In Sydney, the vacancy rate dropped to 0.9%, returning to its record low. This decline is attributed to a decrease in rental supply, particularly notable during the changeover period, accompanied by a surge in average views per rental listing, indicating growing demand. Nevertheless, views per rental listing have declined annually since mid-2023, hinting at a slowdown in rental demand.
Melbourne also saw its vacancy rate decrease to 0.9%, just 0.1 percentage points above its record low. This is the first monthly decline since September, driven by dwindling rental stock during the typical transition period.

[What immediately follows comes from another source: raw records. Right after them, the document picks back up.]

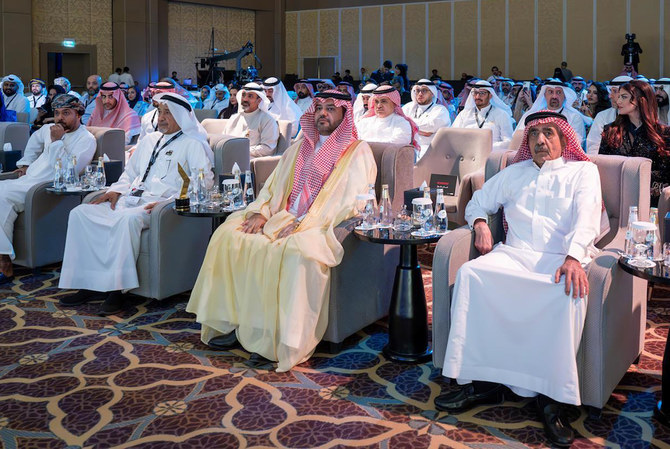 مهرجان الخليج السينمائي يعرض النسيج الثقافي الغني للمنطقة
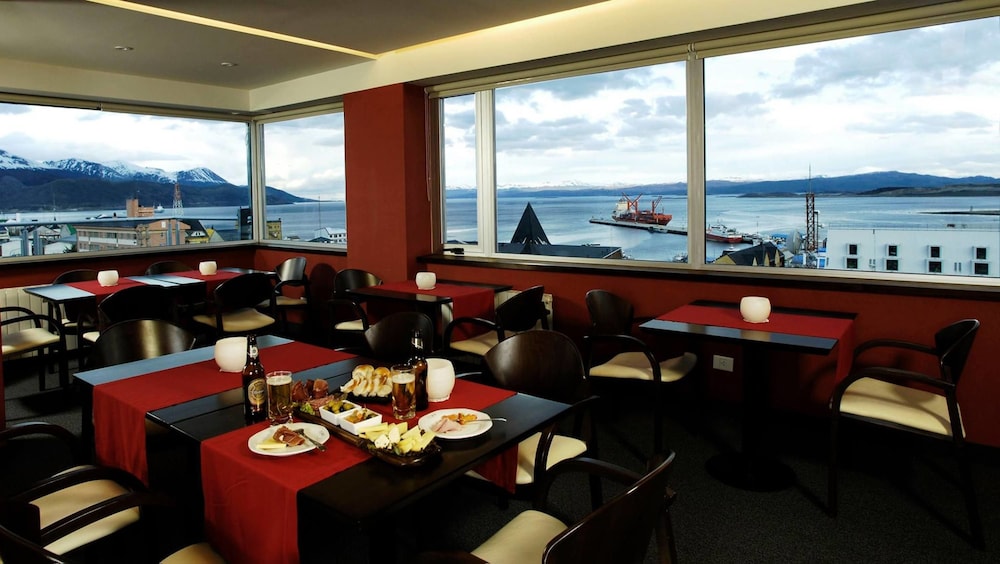 Hotel Mil 810 - Image 1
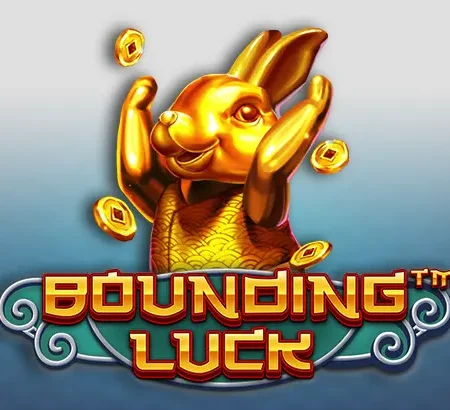 Bounding Luck Slot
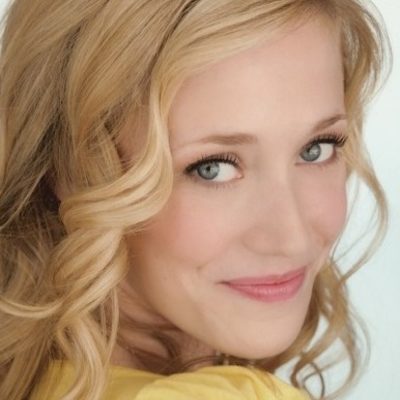 Haven Burton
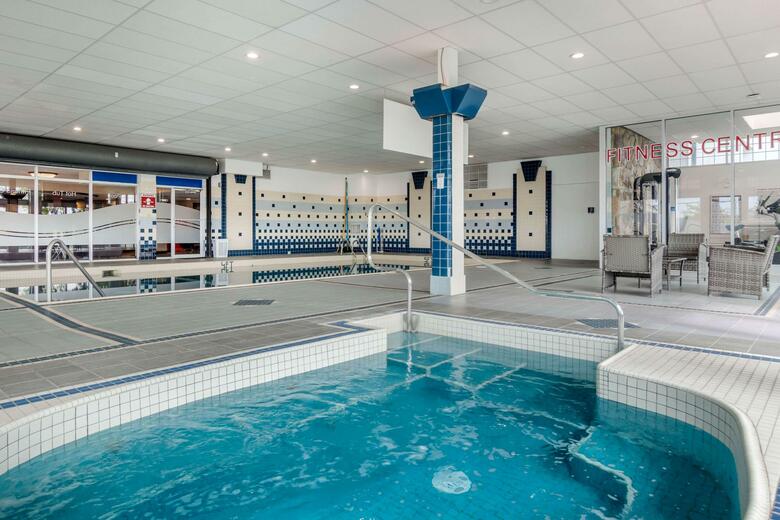 Hotel Econo Lodge South Calgary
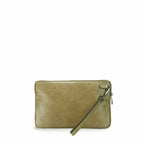 TEDDY Clutch Bag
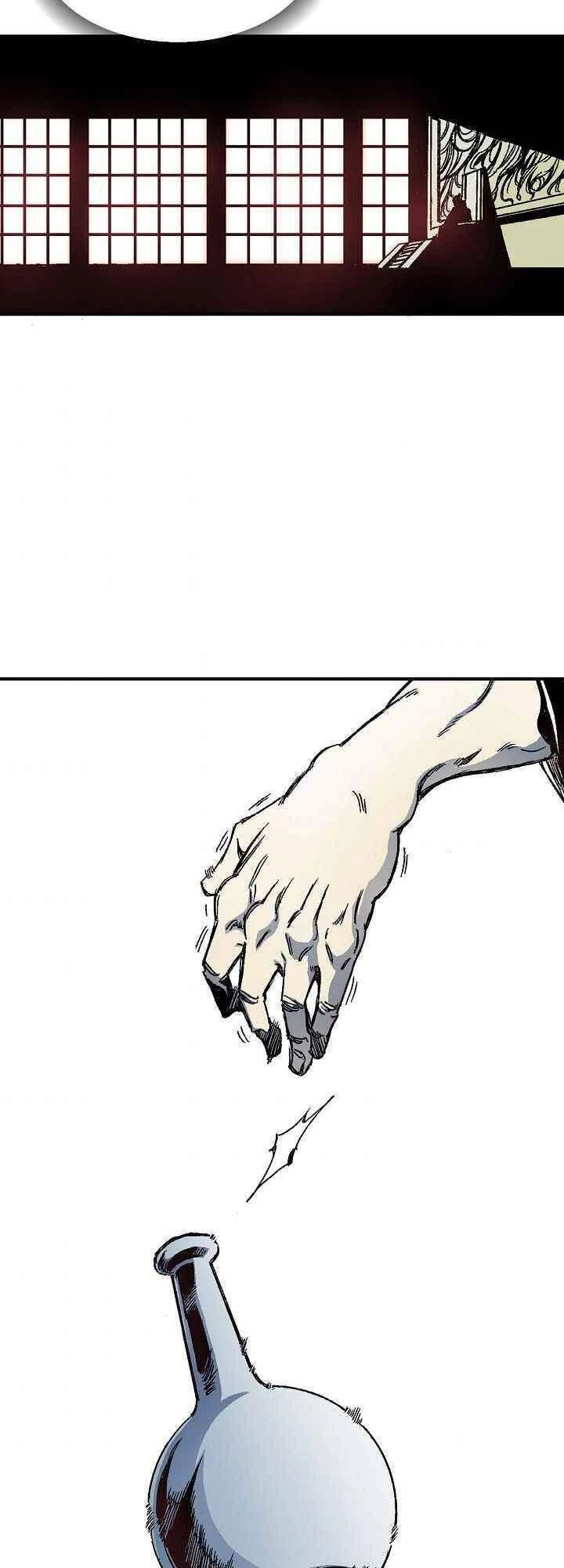 Hồi Ức Chiến Thần Chapter 43 - Trang 2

Despite a monthly increase in average views per rental listing, the yearly trend indicates a diminishing rental demand.
Brisbane experienced its first monthly decrease since September, with a vacancy rate of 0.8%, while Perth maintained a steady vacancy rate of 0.4%.
Adelaide emerged as the most competitive city for potential tenants, with a vacancy rate of 0.3%, just 0.1 percentage points from its record low. Darwin’s vacancy rate declined to 1.4%, supported by a decrease in rental stock and an increase in average views per rental listing.
Hobart witnessed a drop in vacancy rate to 0.7%, marking the lowest rate since February 2023 and a significant departure from its record high in June 2023. Canberra experienced the most substantial monthly change, with its vacancy rate decreasing to 1.5%, although conditions remain less competitive for tenants compared to other capitals.
“It was expected that the rental market would tighten in January as the increased demand absorbed December’s supply boost,” said Nicola Powell (pictured), chief of research and economics at Domain. “The glimmer of hope for renters this year does remain as we are likely moving into a period of slower rental growth and the number of prospective tenants per rental listing is easing. This suggests that rental demand is pulling back and while it hasn’t been enough to boost the vacancy rate, it could be on the horizon.
“We are also likely to see some renters transitioning to homeownership with the new first-home buyer incentives in place along with a potential interest cut that will improve borrowing capacity and mortgage affordability. We anticipate a tipping point to be reached at some stage this year, making a return to a more balanced rental market.”